Bobby Moore Fact File
A brief insight in to the profile and facts of the legendary Sir Bobby Moore. From his early days, career highlights and his untimely death.
Bobby Moore joined West Ham as a player in 1956, and after advancing through their youth set up played his first game on September 8, 1958, against Manchester United. In putting on the number 6 shirt, he replaced his mentor Malcolm Allison, who was suffering from tuberculosis.
Allison never played another first team game for West Ham nor indeed any other First Division game, as Moore became a regular. A composed central defender, Moore was admired for his reading of the game and ability to anticipate opposition movements, thereby distancing himself from the image of the hard-tackling, high-jumping defender. Indeed, Moore’s ability to head the ball or keep up with the pace was average at best, but the way he read the game, marshalled his team and timed his tackles marked him out as world class. In fact, Pelé called Moore the fairest defender he had ever played against.
In 1960, Moore earned a call up to the England under 23 squad. His form and impact on West Ham as a whole earned him a late call-up to the England squad by Walter Winterbottom and the Football Association selection committee in 1962, when final preparations were being made for the summer’s World Cup finals in Chile.
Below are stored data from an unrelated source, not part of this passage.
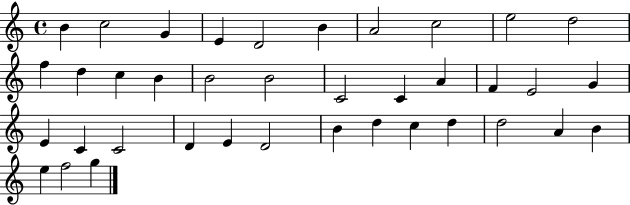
{
  \clef treble
  \time 4/4
  \defaultTimeSignature
  \key c \major
  b'4 c''2 g'4 | e'4 d'2 b'4 | a'2 c''2 | e''2 d''2 | \break f''4 d''4 c''4 b'4 | b'2 b'2 | c'2 c'4 a'4 | f'4 e'2 g'4 | \break e'4 c'4 c'2 | d'4 e'4 d'2 | b'4 d''4 c''4 d''4 | d''2 a'4 b'4 | \break e''4 f''2 g''4 | \bar "|."
}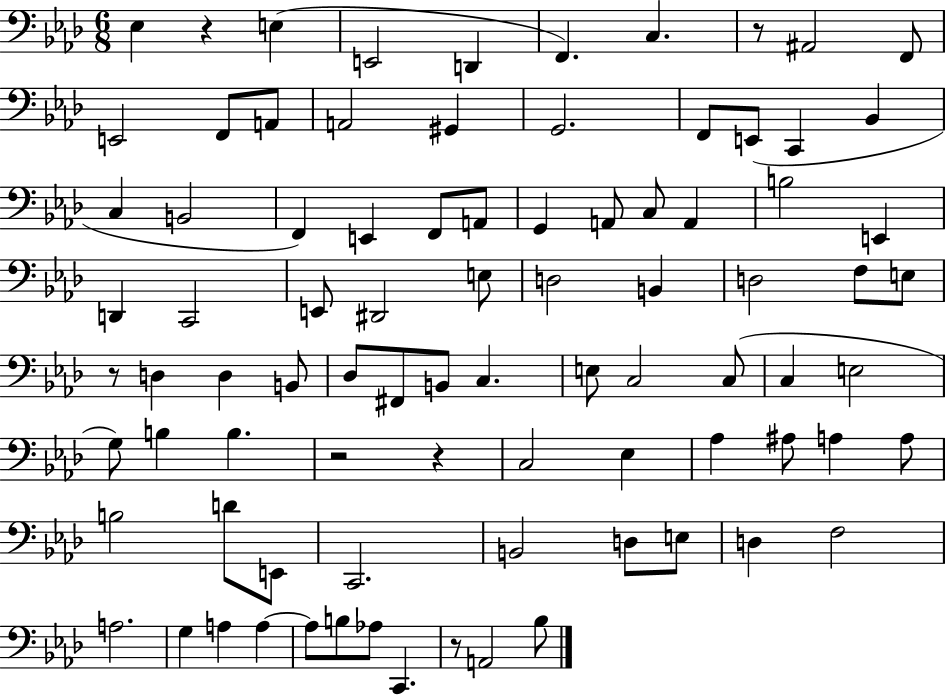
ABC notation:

X:1
T:Untitled
M:6/8
L:1/4
K:Ab
_E, z E, E,,2 D,, F,, C, z/2 ^A,,2 F,,/2 E,,2 F,,/2 A,,/2 A,,2 ^G,, G,,2 F,,/2 E,,/2 C,, _B,, C, B,,2 F,, E,, F,,/2 A,,/2 G,, A,,/2 C,/2 A,, B,2 E,, D,, C,,2 E,,/2 ^D,,2 E,/2 D,2 B,, D,2 F,/2 E,/2 z/2 D, D, B,,/2 _D,/2 ^F,,/2 B,,/2 C, E,/2 C,2 C,/2 C, E,2 G,/2 B, B, z2 z C,2 _E, _A, ^A,/2 A, A,/2 B,2 D/2 E,,/2 C,,2 B,,2 D,/2 E,/2 D, F,2 A,2 G, A, A, A,/2 B,/2 _A,/2 C,, z/2 A,,2 _B,/2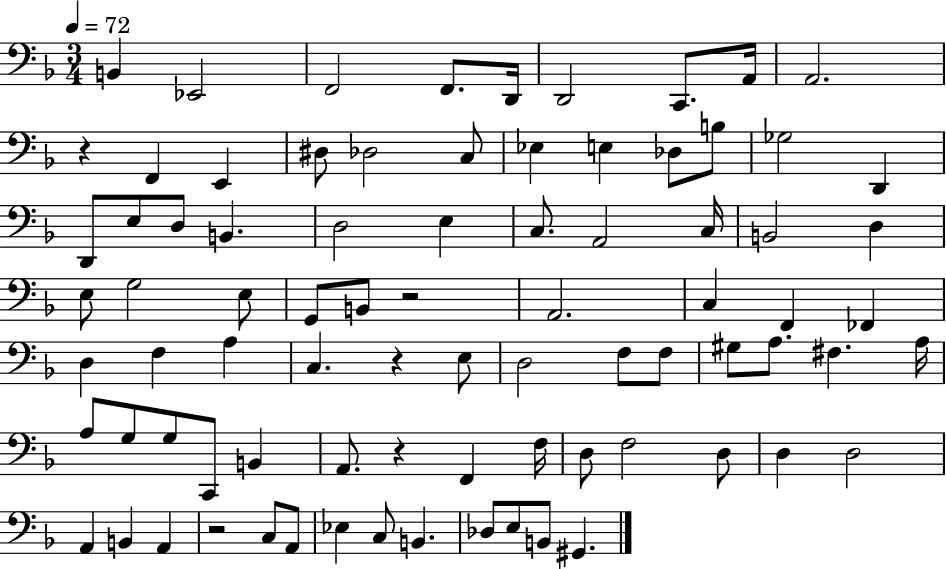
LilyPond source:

{
  \clef bass
  \numericTimeSignature
  \time 3/4
  \key f \major
  \tempo 4 = 72
  b,4 ees,2 | f,2 f,8. d,16 | d,2 c,8. a,16 | a,2. | \break r4 f,4 e,4 | dis8 des2 c8 | ees4 e4 des8 b8 | ges2 d,4 | \break d,8 e8 d8 b,4. | d2 e4 | c8. a,2 c16 | b,2 d4 | \break e8 g2 e8 | g,8 b,8 r2 | a,2. | c4 f,4 fes,4 | \break d4 f4 a4 | c4. r4 e8 | d2 f8 f8 | gis8 a8. fis4. a16 | \break a8 g8 g8 c,8 b,4 | a,8. r4 f,4 f16 | d8 f2 d8 | d4 d2 | \break a,4 b,4 a,4 | r2 c8 a,8 | ees4 c8 b,4. | des8 e8 b,8 gis,4. | \break \bar "|."
}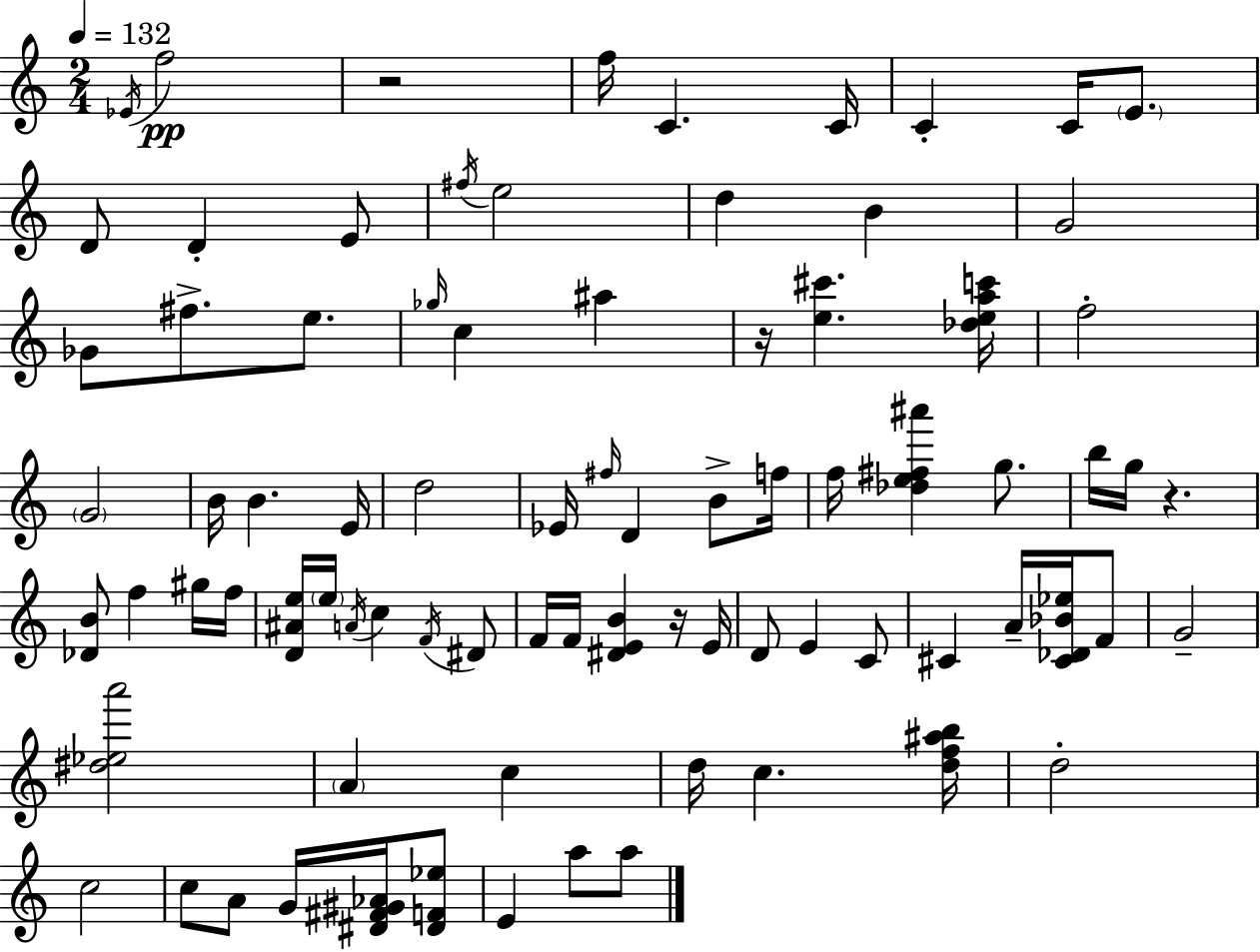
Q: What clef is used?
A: treble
As an uncapped player, On 29 May, 1963, 22-year-old Moore captained his country for the first time in just his 12th appearance after the retirement of Johnny Haynes and an injury to his successor, Jimmy Armfield. He was the youngest man ever to captain England at the highest level and was subsequently Moore the leader of the side which gave English football its crowning glory and established him as a magnificent player, gentleman and sporting icon.
Moore became a national icon as a consequence of England’s success, with he and the other two West Ham players taking the World Cup around the grounds which West Ham visited during the following domestic season. He was awarded the coveted BBC Sports Personality of the Year title at the end of 1966, the first footballer to do so, and remaining the only one for a further 24 years. He was also decorated with the OBE in the New Year Honours List.
Moore played his final professional game in England for Fulham on May 14, 1977 against Blackburn Rovers. Since his death, The charity Cancer Research UK(CRUK) set up the Bobby Moore Fund to raise money for bowel cancer research in his memory: the Run for Moore races raise funds for this.